Could you reproduce, word for word, everything below from the line containing "Step 5: Butter Your Pan and Ladle the Batter" down to the line containing "Miniatura 14 de", with both of those lines included and no others?
%%
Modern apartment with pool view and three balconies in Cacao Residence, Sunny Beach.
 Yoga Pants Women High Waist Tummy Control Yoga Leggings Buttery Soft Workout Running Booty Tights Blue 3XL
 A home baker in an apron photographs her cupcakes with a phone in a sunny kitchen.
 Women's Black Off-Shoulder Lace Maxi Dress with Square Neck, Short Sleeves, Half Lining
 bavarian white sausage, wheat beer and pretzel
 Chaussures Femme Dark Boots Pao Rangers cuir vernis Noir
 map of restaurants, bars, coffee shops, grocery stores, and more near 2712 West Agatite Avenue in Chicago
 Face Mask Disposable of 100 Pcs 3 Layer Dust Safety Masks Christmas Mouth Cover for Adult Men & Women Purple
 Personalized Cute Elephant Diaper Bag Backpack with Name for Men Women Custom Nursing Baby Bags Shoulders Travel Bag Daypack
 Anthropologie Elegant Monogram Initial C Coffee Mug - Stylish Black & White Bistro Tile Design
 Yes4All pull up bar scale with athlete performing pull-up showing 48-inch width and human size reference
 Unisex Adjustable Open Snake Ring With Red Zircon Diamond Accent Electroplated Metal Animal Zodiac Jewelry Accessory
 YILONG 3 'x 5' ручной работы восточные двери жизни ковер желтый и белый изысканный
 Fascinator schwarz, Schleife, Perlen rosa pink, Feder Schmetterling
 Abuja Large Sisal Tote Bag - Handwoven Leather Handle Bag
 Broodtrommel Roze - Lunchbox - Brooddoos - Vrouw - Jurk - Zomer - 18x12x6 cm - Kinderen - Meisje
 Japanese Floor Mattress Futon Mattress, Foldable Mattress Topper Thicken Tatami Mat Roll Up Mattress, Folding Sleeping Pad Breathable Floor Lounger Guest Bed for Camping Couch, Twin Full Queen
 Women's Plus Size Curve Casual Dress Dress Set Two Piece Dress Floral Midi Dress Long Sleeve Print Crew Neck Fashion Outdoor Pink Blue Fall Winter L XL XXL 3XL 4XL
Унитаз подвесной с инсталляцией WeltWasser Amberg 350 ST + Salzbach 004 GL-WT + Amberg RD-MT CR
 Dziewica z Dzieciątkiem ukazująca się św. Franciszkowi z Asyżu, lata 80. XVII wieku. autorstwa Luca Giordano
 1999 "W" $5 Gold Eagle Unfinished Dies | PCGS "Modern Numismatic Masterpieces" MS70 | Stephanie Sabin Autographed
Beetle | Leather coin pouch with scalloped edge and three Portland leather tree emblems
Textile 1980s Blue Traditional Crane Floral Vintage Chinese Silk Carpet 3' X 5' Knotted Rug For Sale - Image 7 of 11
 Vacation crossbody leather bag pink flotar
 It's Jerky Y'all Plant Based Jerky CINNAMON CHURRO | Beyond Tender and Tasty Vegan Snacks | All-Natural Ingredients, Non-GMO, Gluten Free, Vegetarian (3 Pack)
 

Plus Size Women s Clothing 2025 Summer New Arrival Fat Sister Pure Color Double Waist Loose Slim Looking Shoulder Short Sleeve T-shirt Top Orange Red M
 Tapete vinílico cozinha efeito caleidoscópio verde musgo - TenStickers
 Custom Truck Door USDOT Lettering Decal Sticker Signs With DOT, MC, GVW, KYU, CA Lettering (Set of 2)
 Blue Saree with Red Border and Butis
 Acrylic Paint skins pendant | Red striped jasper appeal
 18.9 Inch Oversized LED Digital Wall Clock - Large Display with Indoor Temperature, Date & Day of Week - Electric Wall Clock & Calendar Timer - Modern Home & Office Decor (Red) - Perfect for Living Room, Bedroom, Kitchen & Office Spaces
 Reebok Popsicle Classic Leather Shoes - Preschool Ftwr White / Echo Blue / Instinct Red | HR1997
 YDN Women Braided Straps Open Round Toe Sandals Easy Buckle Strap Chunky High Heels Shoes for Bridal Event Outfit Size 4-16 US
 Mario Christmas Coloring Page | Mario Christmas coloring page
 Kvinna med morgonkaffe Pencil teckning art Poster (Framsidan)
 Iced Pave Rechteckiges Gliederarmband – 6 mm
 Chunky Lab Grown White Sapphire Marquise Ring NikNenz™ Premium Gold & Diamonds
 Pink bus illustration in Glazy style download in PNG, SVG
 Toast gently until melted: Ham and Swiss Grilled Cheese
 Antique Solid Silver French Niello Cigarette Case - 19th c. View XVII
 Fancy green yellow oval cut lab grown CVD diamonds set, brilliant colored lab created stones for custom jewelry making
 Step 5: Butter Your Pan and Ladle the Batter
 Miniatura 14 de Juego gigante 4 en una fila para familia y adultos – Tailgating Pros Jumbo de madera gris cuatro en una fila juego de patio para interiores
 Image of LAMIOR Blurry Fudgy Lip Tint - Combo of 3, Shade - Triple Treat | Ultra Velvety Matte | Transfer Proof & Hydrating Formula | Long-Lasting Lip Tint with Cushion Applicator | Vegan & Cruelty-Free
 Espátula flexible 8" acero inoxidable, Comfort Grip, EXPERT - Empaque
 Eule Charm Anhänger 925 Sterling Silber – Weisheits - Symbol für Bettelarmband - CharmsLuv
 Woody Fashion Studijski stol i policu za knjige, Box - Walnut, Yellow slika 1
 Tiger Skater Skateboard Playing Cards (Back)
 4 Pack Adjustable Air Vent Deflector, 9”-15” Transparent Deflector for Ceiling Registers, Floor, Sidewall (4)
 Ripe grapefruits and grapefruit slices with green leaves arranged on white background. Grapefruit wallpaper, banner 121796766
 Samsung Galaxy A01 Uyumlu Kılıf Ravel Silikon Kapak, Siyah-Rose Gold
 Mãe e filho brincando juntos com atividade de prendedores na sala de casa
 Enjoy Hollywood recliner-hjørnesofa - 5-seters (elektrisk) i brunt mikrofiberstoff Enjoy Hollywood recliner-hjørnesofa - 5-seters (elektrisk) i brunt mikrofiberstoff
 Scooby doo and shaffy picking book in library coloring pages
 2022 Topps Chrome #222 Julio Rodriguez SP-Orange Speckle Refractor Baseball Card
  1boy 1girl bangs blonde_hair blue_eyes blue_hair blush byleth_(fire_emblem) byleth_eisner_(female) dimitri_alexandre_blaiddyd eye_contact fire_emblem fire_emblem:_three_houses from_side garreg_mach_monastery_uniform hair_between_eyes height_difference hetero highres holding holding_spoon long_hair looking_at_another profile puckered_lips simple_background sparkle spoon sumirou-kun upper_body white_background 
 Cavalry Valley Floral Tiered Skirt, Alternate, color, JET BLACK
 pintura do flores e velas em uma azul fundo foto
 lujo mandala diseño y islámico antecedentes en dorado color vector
%%
— Reply —
 Step 5: Butter Your Pan and Ladle the Batter
 Miniatura 14 de Juego gigante 4 en una fila para familia y adultos – Tailgating Pros Jumbo de madera gris cuatro en una fila juego de patio para interiores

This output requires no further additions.